In World War II, Royal Air Force doctors had started to notice symptoms of battle fatigue in their pilots. Before 1942, there was no official limit for an operational tour. Some pilots had been flying over 200 missions with only a short break. The Senior Medical Officer of the RAF station Biggin Hill intervened, after learning that a flight sergeant had flown 200 missions over two years. A tour system was then adopted; the length of it varied, depending on the period, theatre, and operational requirements of the time. In Western Europe, it was set at 200 hours operational flying. In 1944 in South East Asia, the day fighter pilot's tour was 300 hours or 12 months.

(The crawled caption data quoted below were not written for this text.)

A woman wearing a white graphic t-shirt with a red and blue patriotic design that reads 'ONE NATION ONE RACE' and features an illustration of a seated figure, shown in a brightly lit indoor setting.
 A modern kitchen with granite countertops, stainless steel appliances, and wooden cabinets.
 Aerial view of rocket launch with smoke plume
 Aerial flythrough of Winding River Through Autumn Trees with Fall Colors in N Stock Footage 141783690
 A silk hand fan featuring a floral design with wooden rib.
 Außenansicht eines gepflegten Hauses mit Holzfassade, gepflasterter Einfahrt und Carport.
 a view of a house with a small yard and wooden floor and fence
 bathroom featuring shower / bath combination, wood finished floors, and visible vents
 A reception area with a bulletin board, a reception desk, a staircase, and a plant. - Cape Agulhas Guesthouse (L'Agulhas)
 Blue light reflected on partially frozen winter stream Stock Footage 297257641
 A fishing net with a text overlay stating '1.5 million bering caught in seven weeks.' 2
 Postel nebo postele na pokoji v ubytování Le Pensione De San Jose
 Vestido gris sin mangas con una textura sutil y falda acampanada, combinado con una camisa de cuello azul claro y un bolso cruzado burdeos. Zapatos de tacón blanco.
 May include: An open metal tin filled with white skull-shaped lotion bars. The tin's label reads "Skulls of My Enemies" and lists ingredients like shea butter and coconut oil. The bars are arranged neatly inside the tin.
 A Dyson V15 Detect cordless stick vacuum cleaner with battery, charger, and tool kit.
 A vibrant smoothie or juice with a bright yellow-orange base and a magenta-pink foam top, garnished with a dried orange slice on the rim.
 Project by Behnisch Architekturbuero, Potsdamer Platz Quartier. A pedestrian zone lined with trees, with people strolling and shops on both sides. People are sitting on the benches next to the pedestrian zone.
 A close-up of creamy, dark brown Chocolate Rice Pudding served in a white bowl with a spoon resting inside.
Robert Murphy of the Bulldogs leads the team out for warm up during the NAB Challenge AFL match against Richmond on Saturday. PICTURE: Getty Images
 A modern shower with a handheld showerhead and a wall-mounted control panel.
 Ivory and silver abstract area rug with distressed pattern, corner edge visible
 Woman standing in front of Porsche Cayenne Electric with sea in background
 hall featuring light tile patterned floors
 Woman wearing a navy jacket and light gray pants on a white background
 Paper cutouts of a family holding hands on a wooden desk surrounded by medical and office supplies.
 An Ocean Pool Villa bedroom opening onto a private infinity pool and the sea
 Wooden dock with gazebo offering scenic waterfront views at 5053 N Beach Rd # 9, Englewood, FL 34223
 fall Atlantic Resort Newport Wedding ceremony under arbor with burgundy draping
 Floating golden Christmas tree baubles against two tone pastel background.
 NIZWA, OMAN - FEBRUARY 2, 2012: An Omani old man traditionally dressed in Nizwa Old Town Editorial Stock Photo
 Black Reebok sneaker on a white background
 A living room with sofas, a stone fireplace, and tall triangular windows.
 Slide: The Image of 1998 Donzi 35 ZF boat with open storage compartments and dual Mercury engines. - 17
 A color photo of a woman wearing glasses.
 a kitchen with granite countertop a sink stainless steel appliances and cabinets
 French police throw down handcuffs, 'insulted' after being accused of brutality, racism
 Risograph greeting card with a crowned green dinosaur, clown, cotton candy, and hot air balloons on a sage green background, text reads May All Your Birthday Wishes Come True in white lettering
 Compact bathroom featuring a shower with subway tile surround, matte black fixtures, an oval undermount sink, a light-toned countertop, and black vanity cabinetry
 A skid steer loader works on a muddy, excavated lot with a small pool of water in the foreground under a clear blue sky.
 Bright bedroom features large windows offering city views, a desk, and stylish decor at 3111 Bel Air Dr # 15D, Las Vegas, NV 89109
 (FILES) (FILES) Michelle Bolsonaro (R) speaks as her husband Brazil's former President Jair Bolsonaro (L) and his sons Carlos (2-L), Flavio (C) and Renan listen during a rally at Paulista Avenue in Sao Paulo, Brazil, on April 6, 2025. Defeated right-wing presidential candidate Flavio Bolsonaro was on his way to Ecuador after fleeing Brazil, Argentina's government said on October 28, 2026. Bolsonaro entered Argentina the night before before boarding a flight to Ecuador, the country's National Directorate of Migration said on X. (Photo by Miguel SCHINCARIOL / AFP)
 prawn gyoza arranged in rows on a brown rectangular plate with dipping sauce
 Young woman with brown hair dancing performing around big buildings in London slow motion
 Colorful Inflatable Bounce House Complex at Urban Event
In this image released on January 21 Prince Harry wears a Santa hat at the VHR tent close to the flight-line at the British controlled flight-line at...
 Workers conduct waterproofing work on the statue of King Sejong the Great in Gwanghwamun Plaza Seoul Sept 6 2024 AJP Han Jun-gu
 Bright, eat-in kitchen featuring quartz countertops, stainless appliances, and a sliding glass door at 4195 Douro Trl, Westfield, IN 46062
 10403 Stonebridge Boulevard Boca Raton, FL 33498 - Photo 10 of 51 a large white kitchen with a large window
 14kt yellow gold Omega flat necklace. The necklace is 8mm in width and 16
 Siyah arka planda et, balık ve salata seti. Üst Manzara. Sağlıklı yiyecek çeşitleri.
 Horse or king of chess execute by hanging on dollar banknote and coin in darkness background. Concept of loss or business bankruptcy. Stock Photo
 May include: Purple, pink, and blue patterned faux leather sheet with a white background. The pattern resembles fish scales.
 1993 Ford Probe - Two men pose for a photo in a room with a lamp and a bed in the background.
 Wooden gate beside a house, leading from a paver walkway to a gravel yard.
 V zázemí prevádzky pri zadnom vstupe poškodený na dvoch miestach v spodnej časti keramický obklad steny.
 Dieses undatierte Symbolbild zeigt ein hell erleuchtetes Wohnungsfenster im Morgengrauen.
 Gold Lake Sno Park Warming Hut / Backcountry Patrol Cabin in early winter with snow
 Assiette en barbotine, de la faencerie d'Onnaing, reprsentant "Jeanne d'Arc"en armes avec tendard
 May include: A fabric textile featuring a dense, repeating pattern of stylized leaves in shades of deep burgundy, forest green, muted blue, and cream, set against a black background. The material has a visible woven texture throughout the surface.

In Bomber Command, the tour length was exceptionally based on the number of successful combat sorties (missions). The first tour was 30 sorties, and the second was 20 sorties. In Coastal Command, the maximum length of a tour depended on tasks and varied from 200 hours for fighter and strike squadrons to 800 hours for flying boats and four-engine land-plane crews.

The tour of duty for B-52 crewmen is four to six months.

During WWII in the USAAF bomber command, a tour of duty was 25 missions, and the first bomber B-17 crew to achieve this is that of the Memphis Belle. The first B-24 crew to achieve this was Hot Stuff, but they ended up flying five more missions before returning to the USA to sell war bonds.

==Navy==

In navies, a tour of duty is a period of time spent performing operational duties at sea, including combat, performing patrol or fleet duties, or assigned to service in a foreign country; a tour of duty is part of a rotation, where the ship may spend a six-month tour of duty, then spend one month in home port for maintenance, then a period of time on exercises, then return to her tour of duty. In 2018, most overseas tours for military personnel in the US Navy have been capped at two or three years. For US Navy sailors assigned to Japan, tour lengths might increase to four years. This would also include tours to Guam and Spain. Sailors extending their tours by at least 12 months will receive preferential consideration for announced billets.

In the Royal Navy (UK), operational tours last approximately nine months, although with the Royal Navy Reserves, the duration is only six months. A junior doctor may be on board a ship for a seven-month stint.

==Army==
A general tour of duty for soldiers comprises service that can last from half a year to four years. Generally, duties that last longer than two years are eligible to receive medals of merit related to their service. Tours of duty can also be extended involuntarily for service members, such as in September 2006, when the tour of duty was extended for 4,000 US military personnel in Iraq. They were increased up to 15 months for tours in Iraq and Afghanistan. As of 2018, typical tours are 6 to 9 or even 12 months' deployment depending upon the needs of the military and branch of service. Soldiers are eligible for two weeks of leave after six months of deployment.

In the UK, tours of duty are usually 6 months. In 2014, British Army tours in Afghanistan were extended to 8 months. Army doctors accompany their regiments on tours of duty for up to six months every two to three years.